Background and objectives: Patients with polyvascular arterial disease have a greater risk of suffering a new atherothrombotic episode than those with involvement of only one vascular territory. We have studied the predictive prognostic value of the detection of non-diagnosed peripheral arterial disease, determined by measuring the ankle-brachial index in a population of elderly patients with stable chronic cardiac or cerebrovascular disease.
Methods: This was a multicenter, prospective cohort study with consecutive inclusion of patients between 65 and 85 years of age with a previous atherothrombotic event, but without previously established peripheral arterial disease.

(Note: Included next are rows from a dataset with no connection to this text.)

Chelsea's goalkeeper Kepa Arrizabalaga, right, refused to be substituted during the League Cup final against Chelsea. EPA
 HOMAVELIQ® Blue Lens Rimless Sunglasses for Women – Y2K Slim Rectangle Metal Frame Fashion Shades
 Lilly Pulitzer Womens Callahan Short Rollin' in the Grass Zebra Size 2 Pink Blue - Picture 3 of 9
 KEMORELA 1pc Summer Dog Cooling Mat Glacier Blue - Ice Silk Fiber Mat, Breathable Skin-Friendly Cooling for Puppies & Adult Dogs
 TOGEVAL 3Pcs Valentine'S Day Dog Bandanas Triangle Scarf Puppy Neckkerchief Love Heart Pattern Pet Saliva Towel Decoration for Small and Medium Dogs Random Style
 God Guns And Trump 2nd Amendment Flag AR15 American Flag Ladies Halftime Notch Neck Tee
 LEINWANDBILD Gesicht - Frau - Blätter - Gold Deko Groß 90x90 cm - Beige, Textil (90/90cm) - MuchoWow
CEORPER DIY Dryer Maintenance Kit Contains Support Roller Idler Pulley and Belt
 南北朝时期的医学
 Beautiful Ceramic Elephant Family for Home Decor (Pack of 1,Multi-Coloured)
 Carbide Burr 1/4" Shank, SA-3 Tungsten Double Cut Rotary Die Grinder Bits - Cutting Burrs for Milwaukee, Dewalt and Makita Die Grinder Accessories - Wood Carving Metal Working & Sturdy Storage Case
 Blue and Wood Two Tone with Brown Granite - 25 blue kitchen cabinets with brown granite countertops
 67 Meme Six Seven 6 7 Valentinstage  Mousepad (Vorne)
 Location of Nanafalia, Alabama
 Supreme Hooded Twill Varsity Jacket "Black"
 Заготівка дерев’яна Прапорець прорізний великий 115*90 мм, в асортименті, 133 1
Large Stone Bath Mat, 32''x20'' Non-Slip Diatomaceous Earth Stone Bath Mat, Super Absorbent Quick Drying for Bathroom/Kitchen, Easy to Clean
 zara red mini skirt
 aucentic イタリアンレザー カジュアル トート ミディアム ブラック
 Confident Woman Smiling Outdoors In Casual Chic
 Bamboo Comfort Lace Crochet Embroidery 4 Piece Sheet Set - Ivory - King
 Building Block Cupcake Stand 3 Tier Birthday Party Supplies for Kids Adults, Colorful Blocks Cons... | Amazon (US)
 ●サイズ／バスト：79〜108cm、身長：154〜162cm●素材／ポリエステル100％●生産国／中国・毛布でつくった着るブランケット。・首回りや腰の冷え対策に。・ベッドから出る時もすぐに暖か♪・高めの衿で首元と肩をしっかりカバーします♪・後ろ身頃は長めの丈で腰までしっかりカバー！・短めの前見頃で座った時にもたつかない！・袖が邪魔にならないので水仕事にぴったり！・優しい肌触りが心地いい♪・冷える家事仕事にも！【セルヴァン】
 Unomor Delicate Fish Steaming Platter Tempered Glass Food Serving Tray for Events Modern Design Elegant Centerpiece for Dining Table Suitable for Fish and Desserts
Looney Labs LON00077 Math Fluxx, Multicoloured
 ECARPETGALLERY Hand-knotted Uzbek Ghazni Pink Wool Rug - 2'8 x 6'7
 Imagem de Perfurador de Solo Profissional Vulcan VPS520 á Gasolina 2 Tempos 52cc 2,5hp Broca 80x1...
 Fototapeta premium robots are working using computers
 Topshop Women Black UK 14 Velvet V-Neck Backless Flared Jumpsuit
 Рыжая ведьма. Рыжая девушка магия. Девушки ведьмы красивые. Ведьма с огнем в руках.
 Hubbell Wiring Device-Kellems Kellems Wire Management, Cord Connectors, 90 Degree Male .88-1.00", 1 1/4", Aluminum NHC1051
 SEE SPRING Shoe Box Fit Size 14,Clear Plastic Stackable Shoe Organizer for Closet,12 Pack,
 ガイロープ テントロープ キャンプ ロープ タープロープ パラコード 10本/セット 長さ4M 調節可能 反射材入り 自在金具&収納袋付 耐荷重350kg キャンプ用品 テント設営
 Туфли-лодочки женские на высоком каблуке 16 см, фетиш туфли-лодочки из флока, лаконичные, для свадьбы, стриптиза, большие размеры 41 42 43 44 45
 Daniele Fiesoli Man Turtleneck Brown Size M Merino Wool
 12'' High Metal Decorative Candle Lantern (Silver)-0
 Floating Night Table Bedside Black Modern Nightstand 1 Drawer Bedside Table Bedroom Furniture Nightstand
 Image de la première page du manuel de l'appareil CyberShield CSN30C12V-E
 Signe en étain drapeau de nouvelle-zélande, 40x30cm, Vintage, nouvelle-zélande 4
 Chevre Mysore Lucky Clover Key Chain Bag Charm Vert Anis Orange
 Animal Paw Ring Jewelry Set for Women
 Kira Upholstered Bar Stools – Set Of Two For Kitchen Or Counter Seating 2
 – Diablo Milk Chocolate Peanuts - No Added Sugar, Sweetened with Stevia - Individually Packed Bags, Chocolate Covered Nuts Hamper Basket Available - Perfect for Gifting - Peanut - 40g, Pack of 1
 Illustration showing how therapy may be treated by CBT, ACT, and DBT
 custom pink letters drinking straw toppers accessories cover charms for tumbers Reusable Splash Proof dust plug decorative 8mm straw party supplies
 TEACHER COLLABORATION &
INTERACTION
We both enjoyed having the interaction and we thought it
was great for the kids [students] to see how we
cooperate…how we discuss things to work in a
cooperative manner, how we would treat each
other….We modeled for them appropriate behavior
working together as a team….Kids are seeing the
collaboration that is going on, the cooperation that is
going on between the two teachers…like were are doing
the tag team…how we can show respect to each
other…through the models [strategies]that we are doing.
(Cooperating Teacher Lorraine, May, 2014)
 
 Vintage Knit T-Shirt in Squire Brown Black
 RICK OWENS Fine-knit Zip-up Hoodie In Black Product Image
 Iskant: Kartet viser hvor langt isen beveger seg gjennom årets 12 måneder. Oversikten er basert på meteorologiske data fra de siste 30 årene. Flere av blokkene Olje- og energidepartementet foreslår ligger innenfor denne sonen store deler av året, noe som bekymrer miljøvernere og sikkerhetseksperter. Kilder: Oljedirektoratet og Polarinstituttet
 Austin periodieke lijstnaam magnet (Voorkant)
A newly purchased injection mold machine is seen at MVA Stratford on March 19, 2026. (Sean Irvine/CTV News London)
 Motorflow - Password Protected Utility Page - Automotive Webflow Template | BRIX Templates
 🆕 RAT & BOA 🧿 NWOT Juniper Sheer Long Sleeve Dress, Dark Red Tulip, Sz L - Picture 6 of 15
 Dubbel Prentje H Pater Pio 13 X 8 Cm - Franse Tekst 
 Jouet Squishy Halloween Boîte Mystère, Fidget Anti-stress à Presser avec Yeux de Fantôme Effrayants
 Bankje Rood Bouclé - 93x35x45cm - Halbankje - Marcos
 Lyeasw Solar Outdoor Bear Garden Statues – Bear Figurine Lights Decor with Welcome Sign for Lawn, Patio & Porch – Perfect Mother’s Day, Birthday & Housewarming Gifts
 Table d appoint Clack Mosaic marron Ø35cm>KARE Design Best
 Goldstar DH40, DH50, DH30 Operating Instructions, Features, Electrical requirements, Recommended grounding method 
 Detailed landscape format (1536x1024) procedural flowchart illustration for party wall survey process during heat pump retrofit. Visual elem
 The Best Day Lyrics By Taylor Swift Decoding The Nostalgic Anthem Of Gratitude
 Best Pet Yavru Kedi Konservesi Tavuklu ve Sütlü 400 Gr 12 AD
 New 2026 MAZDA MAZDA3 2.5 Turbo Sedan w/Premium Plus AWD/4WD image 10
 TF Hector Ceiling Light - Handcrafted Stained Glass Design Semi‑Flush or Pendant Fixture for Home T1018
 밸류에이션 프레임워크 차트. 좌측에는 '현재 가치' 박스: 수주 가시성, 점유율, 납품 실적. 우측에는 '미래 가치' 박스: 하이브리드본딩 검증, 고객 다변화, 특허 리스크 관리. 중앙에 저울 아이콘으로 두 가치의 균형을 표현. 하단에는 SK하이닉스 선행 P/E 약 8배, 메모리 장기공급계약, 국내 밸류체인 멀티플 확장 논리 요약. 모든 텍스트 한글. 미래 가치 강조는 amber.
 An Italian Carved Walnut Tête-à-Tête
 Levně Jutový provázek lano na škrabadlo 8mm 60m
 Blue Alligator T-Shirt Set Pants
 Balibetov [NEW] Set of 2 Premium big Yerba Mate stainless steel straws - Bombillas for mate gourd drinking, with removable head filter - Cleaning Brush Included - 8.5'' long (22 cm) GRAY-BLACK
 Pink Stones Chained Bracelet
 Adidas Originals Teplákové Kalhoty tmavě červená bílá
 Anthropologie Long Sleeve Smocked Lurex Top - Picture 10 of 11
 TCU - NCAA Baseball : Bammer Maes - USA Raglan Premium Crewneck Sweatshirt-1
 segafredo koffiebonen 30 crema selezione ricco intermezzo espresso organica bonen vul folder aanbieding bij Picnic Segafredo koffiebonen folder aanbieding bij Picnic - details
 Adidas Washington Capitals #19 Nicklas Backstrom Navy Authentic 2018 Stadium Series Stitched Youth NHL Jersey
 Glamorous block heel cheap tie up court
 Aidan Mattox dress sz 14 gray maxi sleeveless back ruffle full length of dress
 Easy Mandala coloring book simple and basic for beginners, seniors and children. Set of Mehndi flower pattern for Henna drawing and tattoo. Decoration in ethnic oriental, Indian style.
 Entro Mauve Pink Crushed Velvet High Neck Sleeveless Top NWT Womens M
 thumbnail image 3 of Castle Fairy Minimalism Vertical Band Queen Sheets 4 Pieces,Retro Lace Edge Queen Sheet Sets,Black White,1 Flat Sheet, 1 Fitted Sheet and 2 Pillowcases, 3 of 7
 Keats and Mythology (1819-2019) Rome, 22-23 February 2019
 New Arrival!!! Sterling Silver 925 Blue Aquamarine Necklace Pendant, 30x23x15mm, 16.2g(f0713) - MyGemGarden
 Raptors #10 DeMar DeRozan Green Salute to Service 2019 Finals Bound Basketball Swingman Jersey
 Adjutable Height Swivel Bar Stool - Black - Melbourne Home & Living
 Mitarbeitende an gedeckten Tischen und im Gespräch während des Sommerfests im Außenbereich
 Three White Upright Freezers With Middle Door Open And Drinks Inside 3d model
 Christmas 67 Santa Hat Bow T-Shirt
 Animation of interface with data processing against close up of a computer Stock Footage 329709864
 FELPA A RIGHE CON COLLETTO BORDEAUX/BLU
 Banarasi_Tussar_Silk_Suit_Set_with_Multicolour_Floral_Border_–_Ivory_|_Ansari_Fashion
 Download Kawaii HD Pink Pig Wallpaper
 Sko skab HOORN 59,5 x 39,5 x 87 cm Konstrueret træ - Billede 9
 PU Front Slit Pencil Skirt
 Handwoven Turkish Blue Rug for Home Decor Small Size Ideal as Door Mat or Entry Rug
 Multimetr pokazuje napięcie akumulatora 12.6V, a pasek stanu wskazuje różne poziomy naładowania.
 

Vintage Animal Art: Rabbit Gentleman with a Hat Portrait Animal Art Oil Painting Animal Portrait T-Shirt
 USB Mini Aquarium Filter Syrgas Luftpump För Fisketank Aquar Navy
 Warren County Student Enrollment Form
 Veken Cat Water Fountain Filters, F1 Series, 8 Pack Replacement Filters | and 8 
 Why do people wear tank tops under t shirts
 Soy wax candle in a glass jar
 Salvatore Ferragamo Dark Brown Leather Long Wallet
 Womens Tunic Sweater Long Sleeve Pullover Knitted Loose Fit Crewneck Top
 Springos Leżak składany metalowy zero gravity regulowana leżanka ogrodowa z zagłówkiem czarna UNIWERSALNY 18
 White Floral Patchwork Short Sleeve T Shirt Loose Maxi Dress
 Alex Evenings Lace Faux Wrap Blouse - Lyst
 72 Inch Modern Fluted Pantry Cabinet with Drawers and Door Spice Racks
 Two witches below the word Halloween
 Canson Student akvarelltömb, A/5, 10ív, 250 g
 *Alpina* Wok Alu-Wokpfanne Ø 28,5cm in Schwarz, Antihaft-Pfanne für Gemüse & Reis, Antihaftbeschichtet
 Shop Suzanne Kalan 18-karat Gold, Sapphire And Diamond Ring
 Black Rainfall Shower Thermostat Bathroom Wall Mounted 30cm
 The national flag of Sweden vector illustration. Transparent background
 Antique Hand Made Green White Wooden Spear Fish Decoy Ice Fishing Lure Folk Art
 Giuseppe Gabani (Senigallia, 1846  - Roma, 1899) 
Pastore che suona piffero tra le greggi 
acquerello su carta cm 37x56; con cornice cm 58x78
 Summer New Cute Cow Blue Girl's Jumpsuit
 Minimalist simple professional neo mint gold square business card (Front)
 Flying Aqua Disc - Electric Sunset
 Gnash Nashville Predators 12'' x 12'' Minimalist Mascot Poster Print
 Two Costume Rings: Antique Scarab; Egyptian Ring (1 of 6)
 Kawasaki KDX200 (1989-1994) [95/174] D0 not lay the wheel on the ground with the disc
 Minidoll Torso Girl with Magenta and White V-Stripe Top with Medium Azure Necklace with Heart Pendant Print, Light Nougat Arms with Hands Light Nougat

Results: A total of 1096 patients were evaluated during 11.7 (+ or - 2.2) months of follow-up. An ankle-brachial index of < 0.9 was observed in 29.9% and > 1.4 in 6.9%. The detection of an ankle-brachial index < 0.9 was clearly associated with the presence of a combined primary event of cardiovascular death and non-fatal cardiovascular event [HR 1.99 (95% CI, 1.49-2.66; P < 0.001)]. There was also a significant relationship between ankle-brachial index > 1.4 and total (P = 0.001) or cardiovascular (P = 0.020) deaths. The predictive value of both ranges of the ankle-brachial index was maintained after adjusting for age, sex, diabetes mellitus, vascular territory, macroalbuminuria or glomerular filtration rate.
Conclusions: The detection of non-diagnosed peripheral arterial disease in patients with stable coronary or cerebrovascular events identifies a very high risk population that might benefit from more intensive treatment.